=== TASK ===
Restate the records below word for word, and omit the images they hold.

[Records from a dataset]
▬▬▬▬▬▬

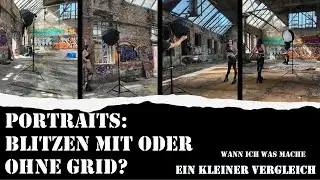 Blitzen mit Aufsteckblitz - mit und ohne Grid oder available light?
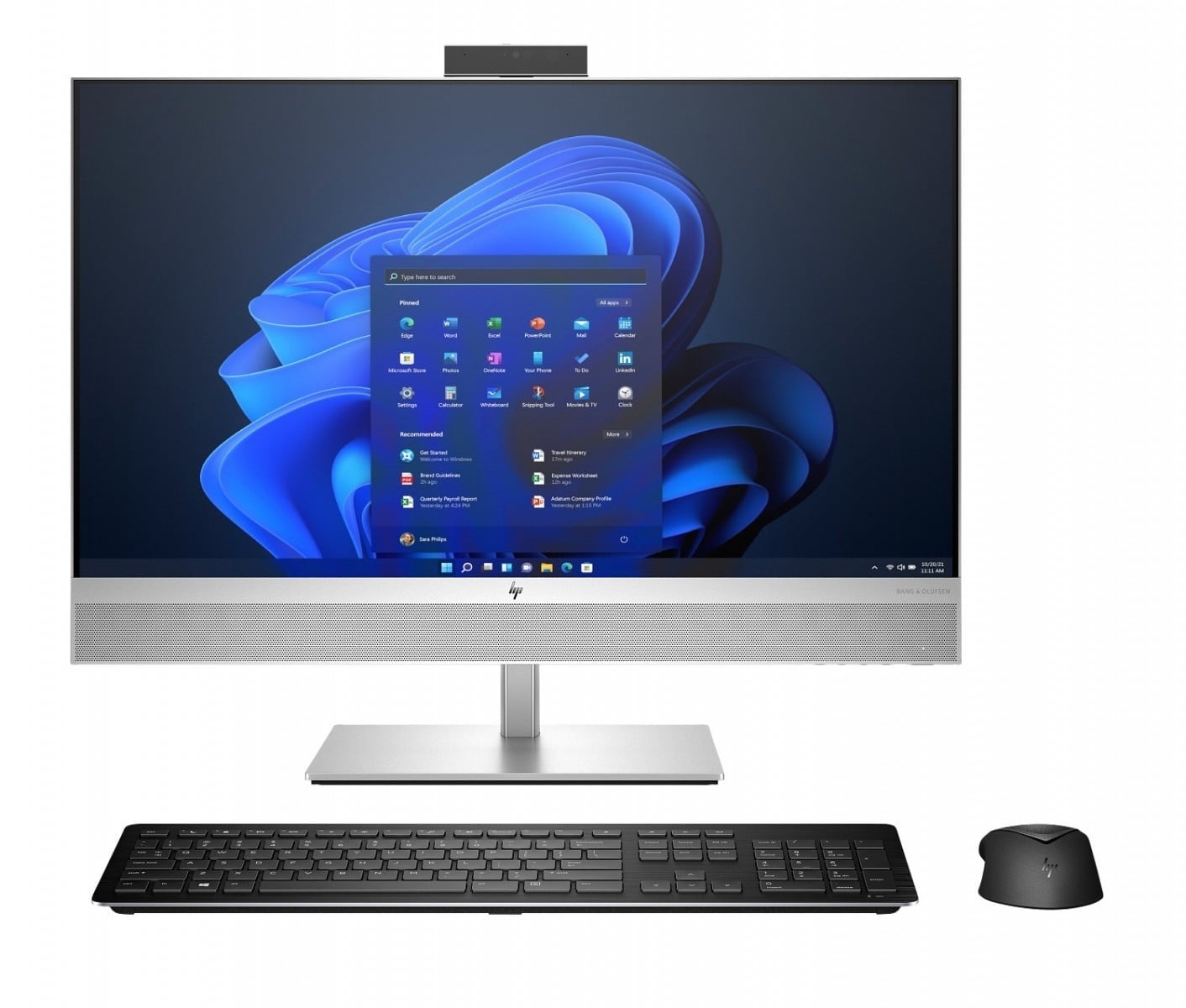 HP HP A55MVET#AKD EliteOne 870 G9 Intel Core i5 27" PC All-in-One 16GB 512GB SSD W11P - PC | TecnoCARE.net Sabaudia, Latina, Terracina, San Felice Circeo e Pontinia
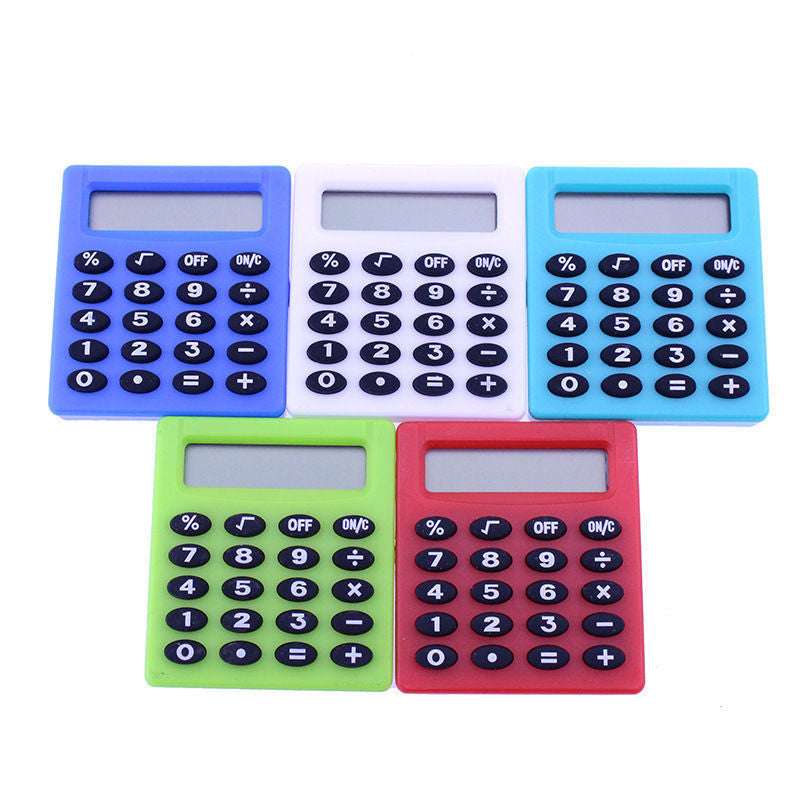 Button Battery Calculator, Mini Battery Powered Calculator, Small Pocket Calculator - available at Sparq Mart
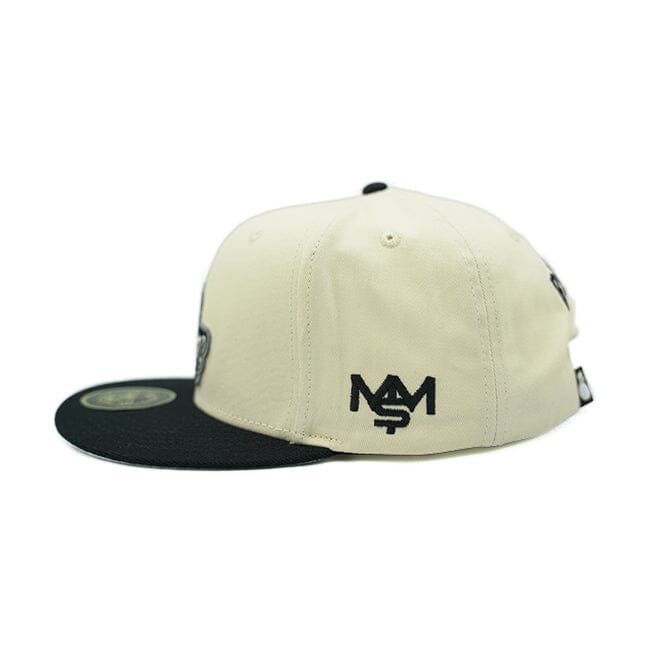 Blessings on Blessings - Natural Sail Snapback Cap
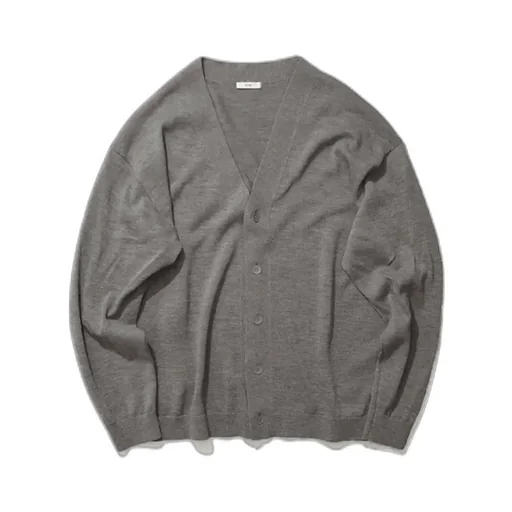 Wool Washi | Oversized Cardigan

▬▬▬▬▬▬

=== WRITTEN ANSWER ===
 Blitzen mit Aufsteckblitz - mit und ohne Grid oder available light?
 HP HP A55MVET#AKD EliteOne 870 G9 Intel Core i5 27" PC All-in-One 16GB 512GB SSD W11P - PC | TecnoCARE.net Sabaudia, Latina, Terracina, San Felice Circeo e Pontinia
 Button Battery Calculator, Mini Battery Powered Calculator, Small Pocket Calculator - available at Sparq Mart
 Blessings on Blessings - Natural Sail Snapback Cap
 Wool Washi | Oversized Cardigan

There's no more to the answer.